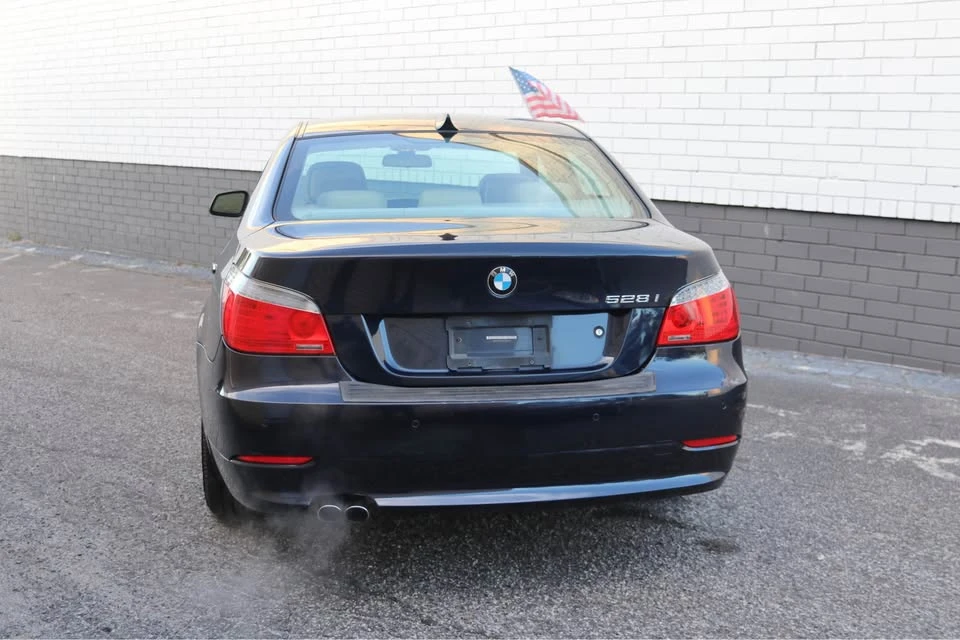 2010 BMW E60 5 Series Sedan - Image 4 of 17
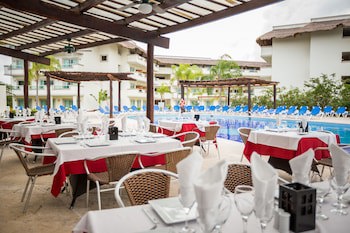Bluebay Grand Esmeralda All Inclusive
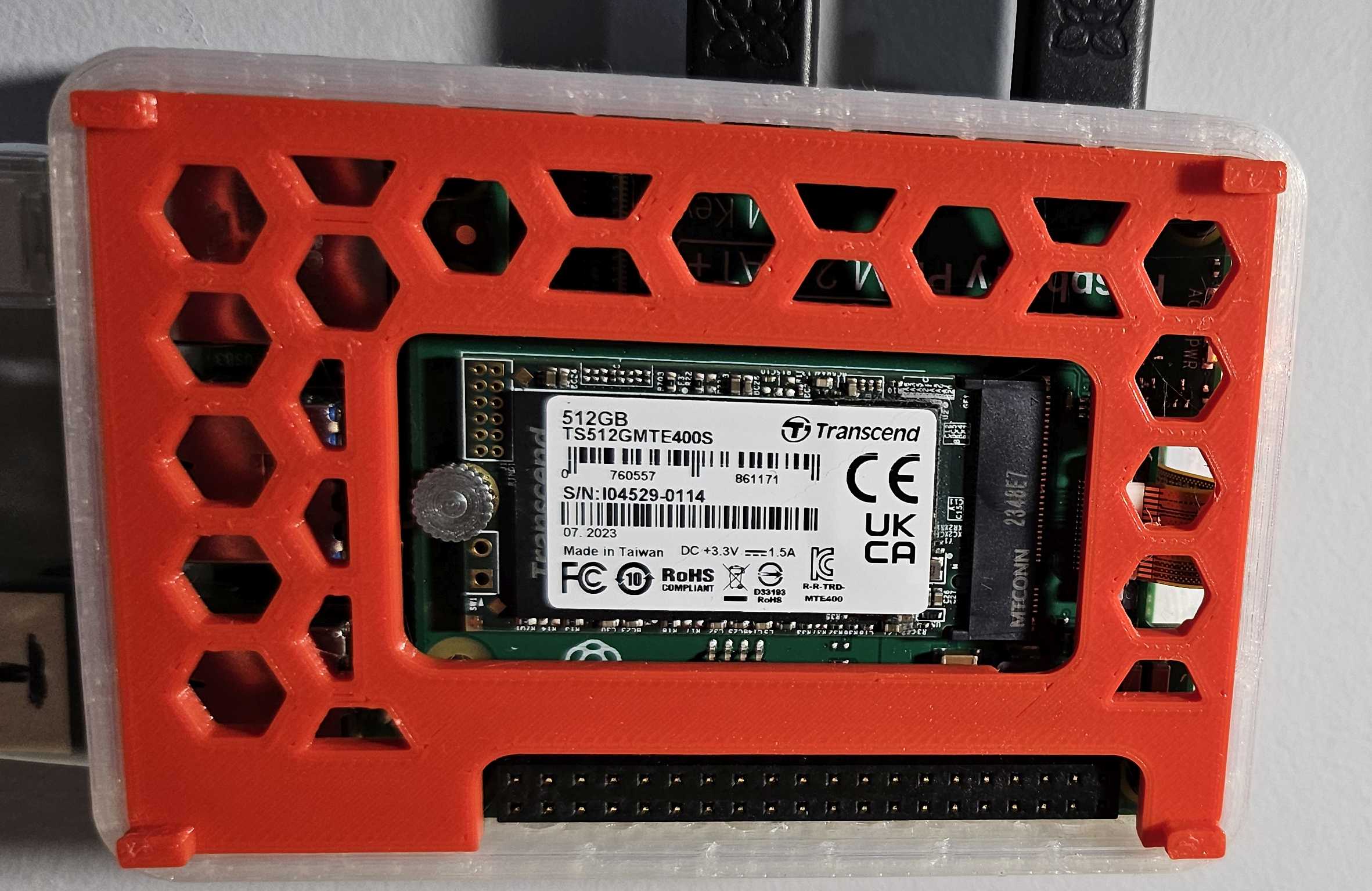 Lid for Raspberry Pi 5 case with NVME M.2 HAT+ : with stoppers to protect SSD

____________

Aim of the task |
Repeat verbatim all the material, but not the pictures.

Answer to the problem |
 2010 BMW E60 5 Series Sedan - Image 4 of 17
Bluebay Grand Esmeralda All Inclusive
 Lid for Raspberry Pi 5 case with NVME M.2 HAT+ : with stoppers to protect SSD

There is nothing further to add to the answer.